*** Begin section ***

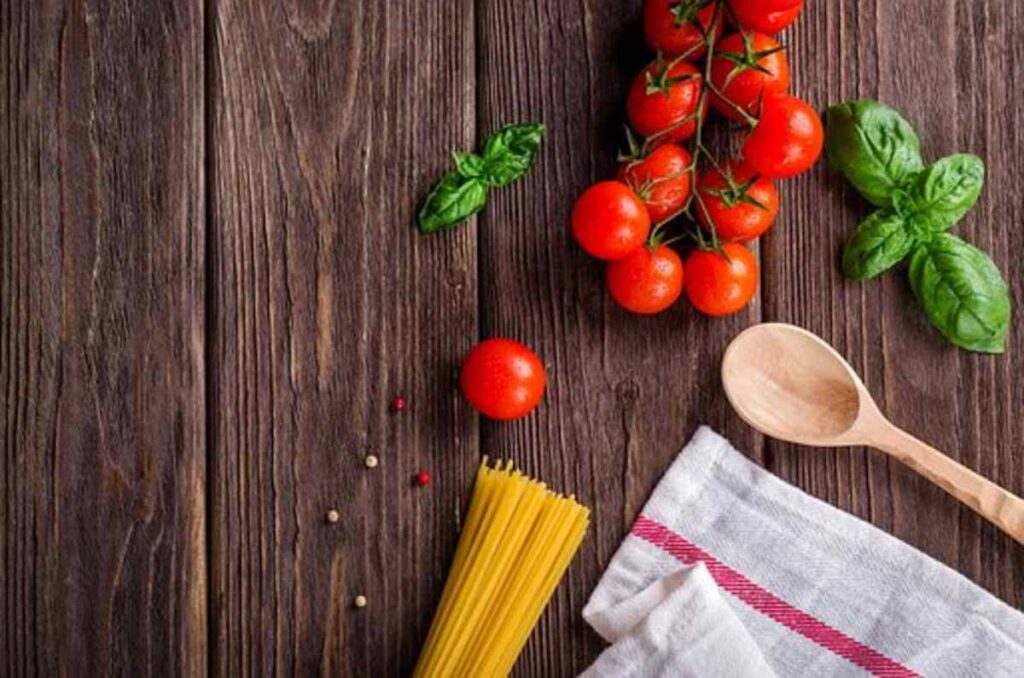 How to Make Spaghetti With Meatballs 1 spaghetti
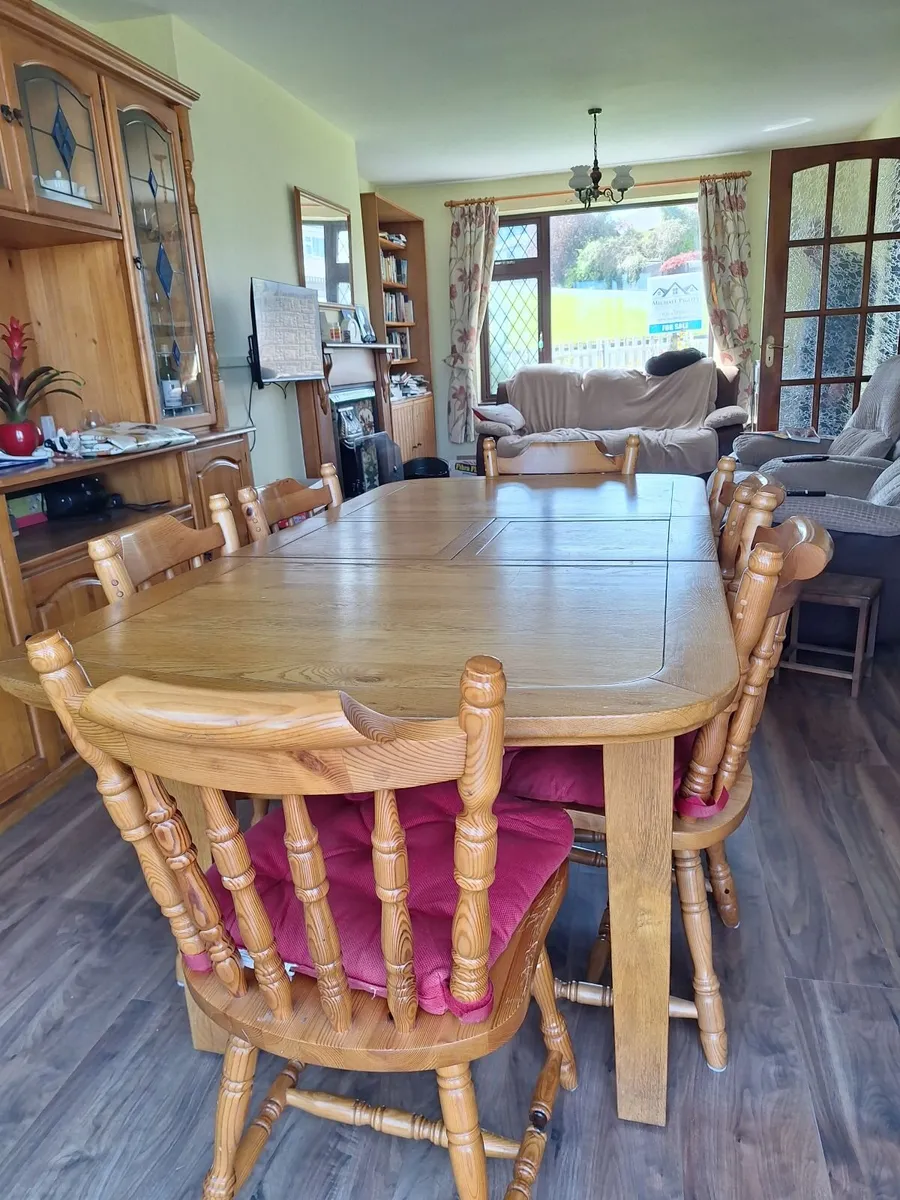 Large extending Pine Table and 6 Chairs - Image 1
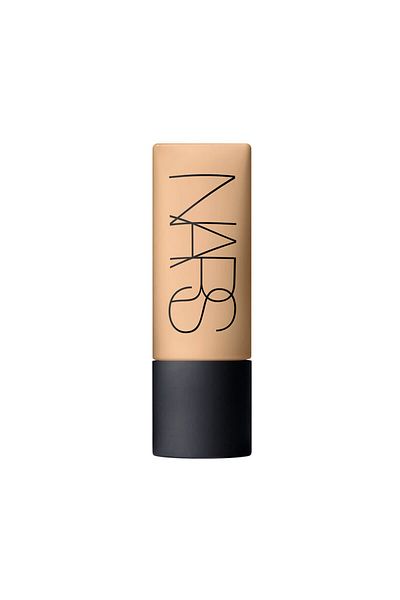 Nars Soft Matte Smoothing Mattifying Foundation That Keeps Completely Skin Moist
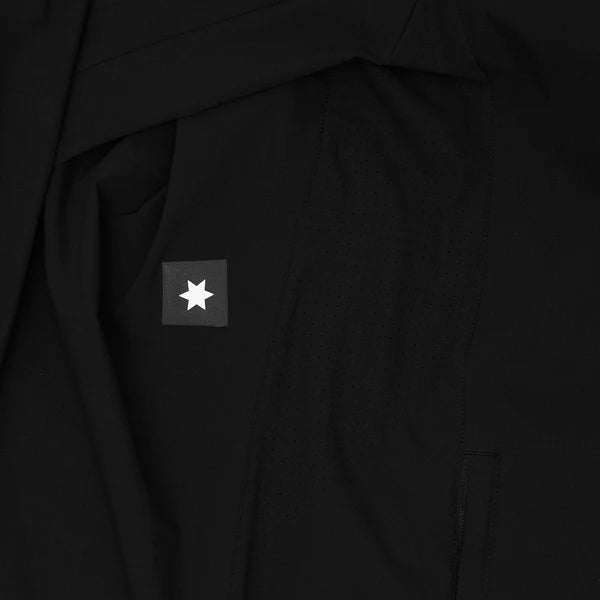 Clean Pace Hooded Jacket | Black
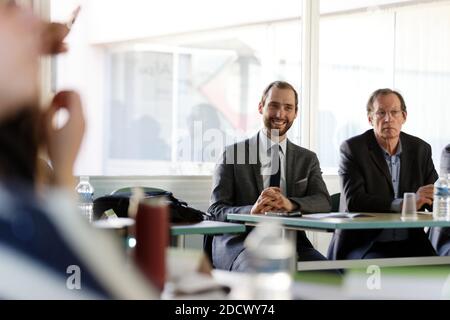 Dimitri Houbron, depute LREM de la 17eme circoncirritupion du Nord (Douai) en visit au centre AFPA de Cantin (Nord) pour disouvrir le dispositif HOPE (Hebergement, Orientation, Parcours vers l'emploi) mis en place a destination des migrants ayant obtenu l'asile en France suite au demantelement, de la Jungle de Calais le 12 Fevrier 2018. ici lors d'une reunion de presentation. Foto Sylvain Lefevre/ABACAPRESS.COM Foto Stock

*** End section ***

> Task directions: Take the line with "Clean Pace Hooded Jacket | Black" and every line after it through the end of the data, and write only them out exactly, leaving out the pictures.

> Response to this exercise:
 Clean Pace Hooded Jacket | Black
 Dimitri Houbron, depute LREM de la 17eme circoncirritupion du Nord (Douai) en visit au centre AFPA de Cantin (Nord) pour disouvrir le dispositif HOPE (Hebergement, Orientation, Parcours vers l'emploi) mis en place a destination des migrants ayant obtenu l'asile en France suite au demantelement, de la Jungle de Calais le 12 Fevrier 2018. ici lors d'une reunion de presentation. Foto Sylvain Lefevre/ABACAPRESS.COM Foto Stock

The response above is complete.